(PROMPT): Exact copy, no pictures: restate each entry below word for word.

(THE DATA):
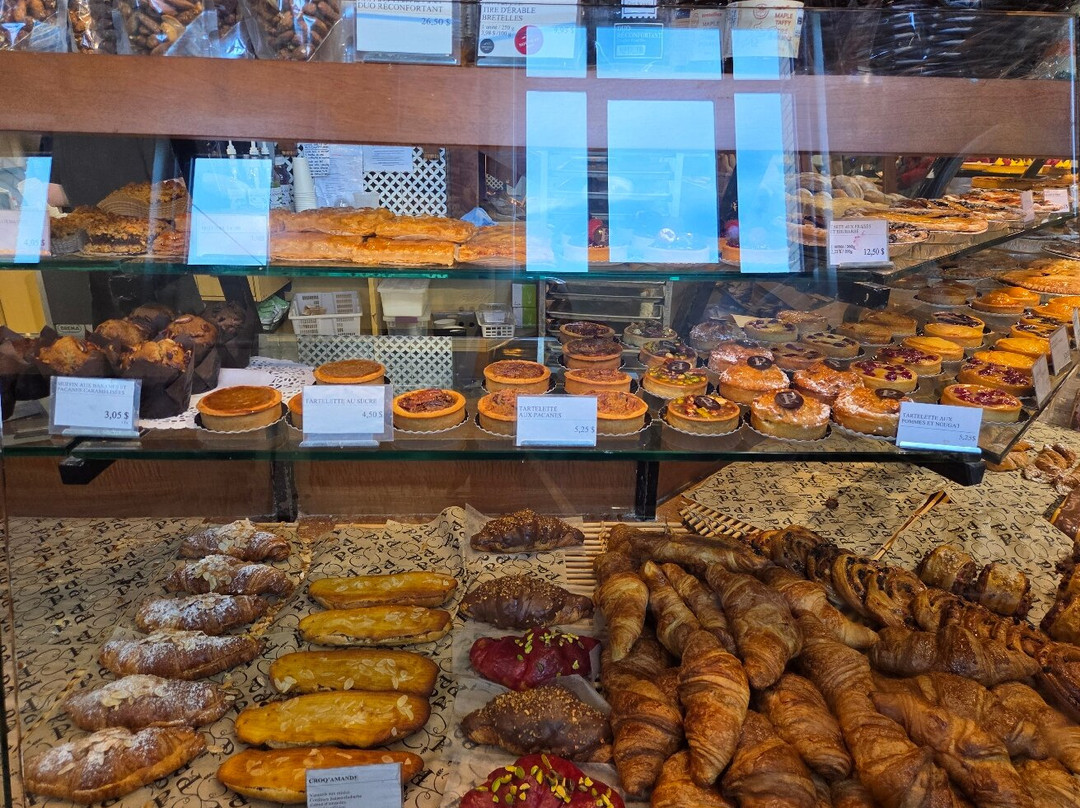 Marché Atwater-蒙特利尔必去景点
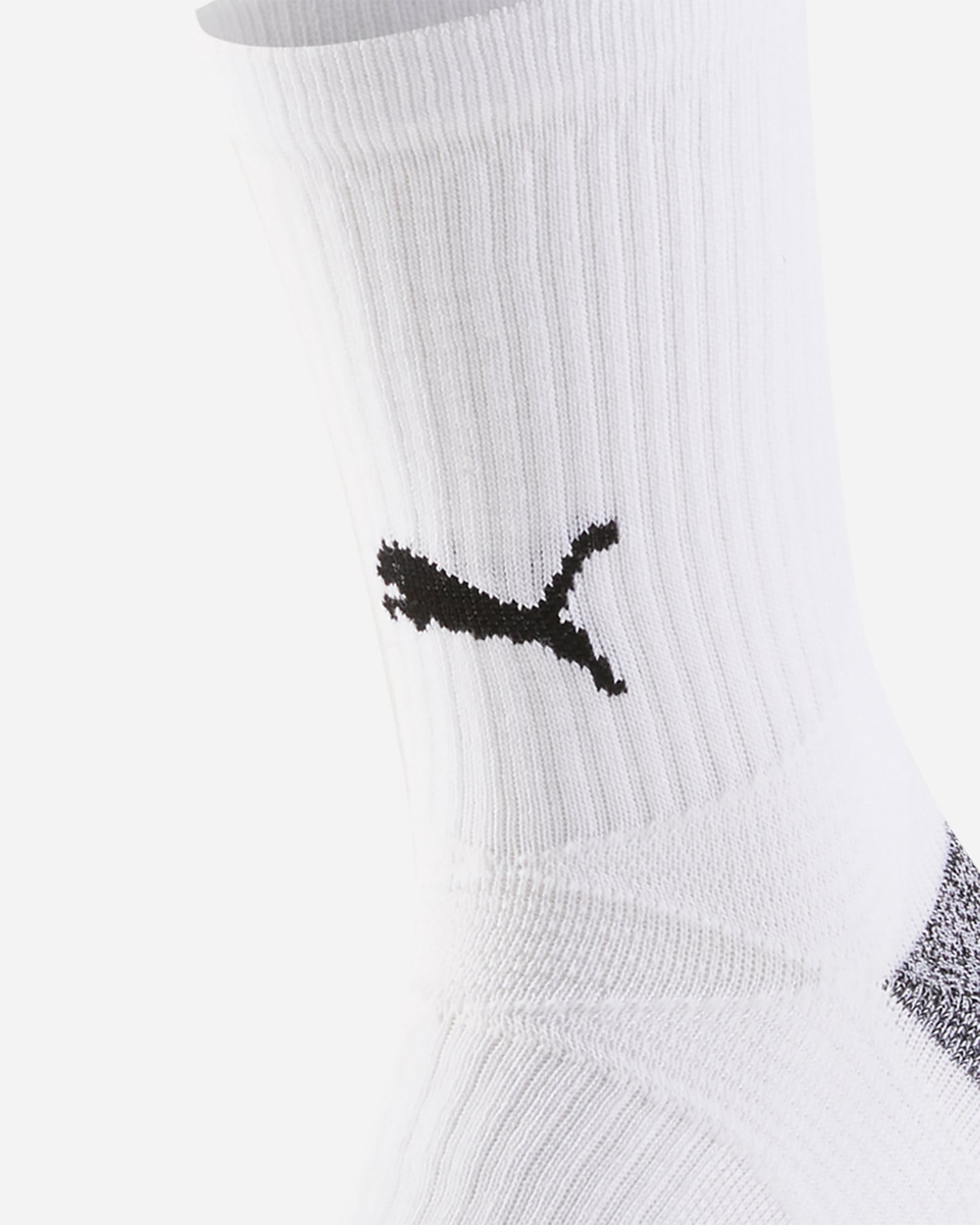 Calzettoni calcio PUMA TEAMLIGA M - Bianco - 2 | Cisalfa Sport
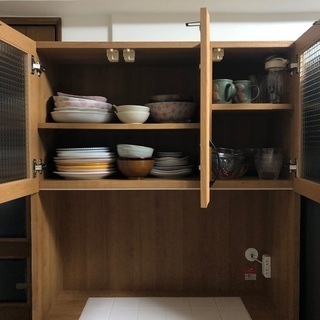 キッチンボード900 食器棚 ビーカンパニー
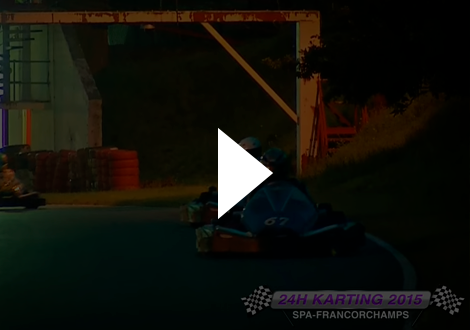 OneDayKarting en vidéos édition 2015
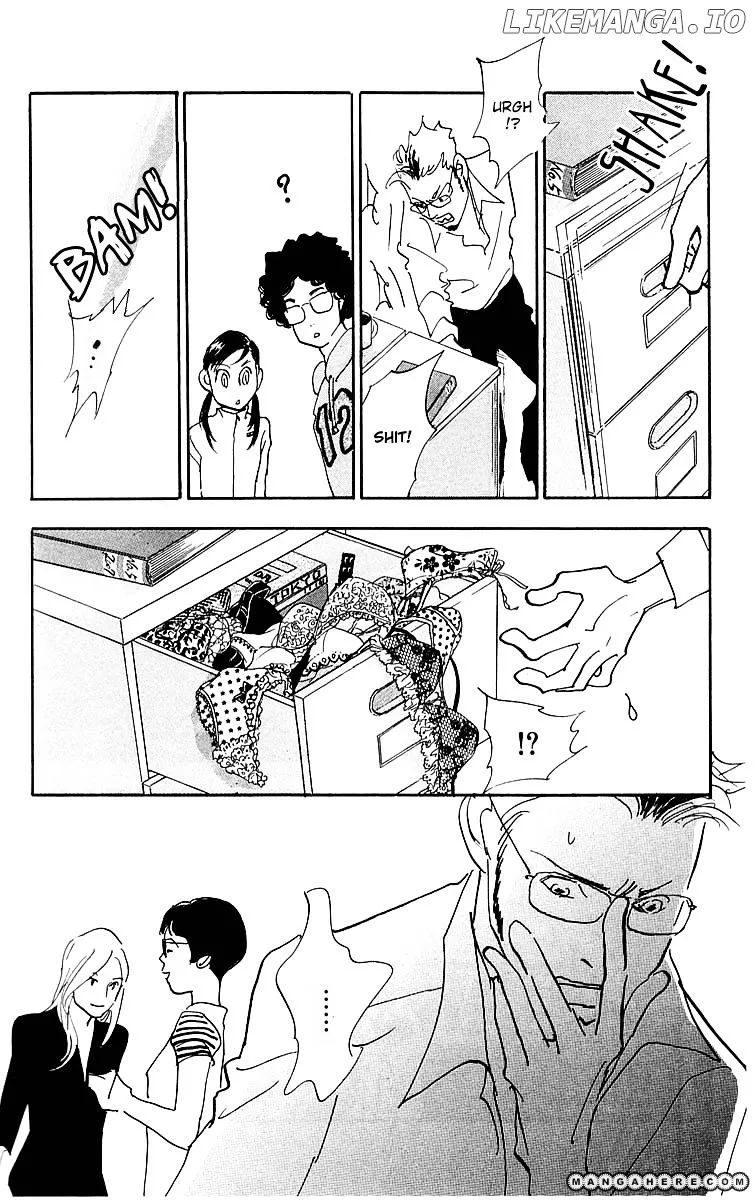 Real Clothes Chapter 15 page 9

(ANSWER TO THE EXERCISE):
 Marché Atwater-蒙特利尔必去景点
 Calzettoni calcio PUMA TEAMLIGA M - Bianco - 2 | Cisalfa Sport
 キッチンボード900 食器棚 ビーカンパニー
 OneDayKarting en vidéos édition 2015
 Real Clothes Chapter 15 page 9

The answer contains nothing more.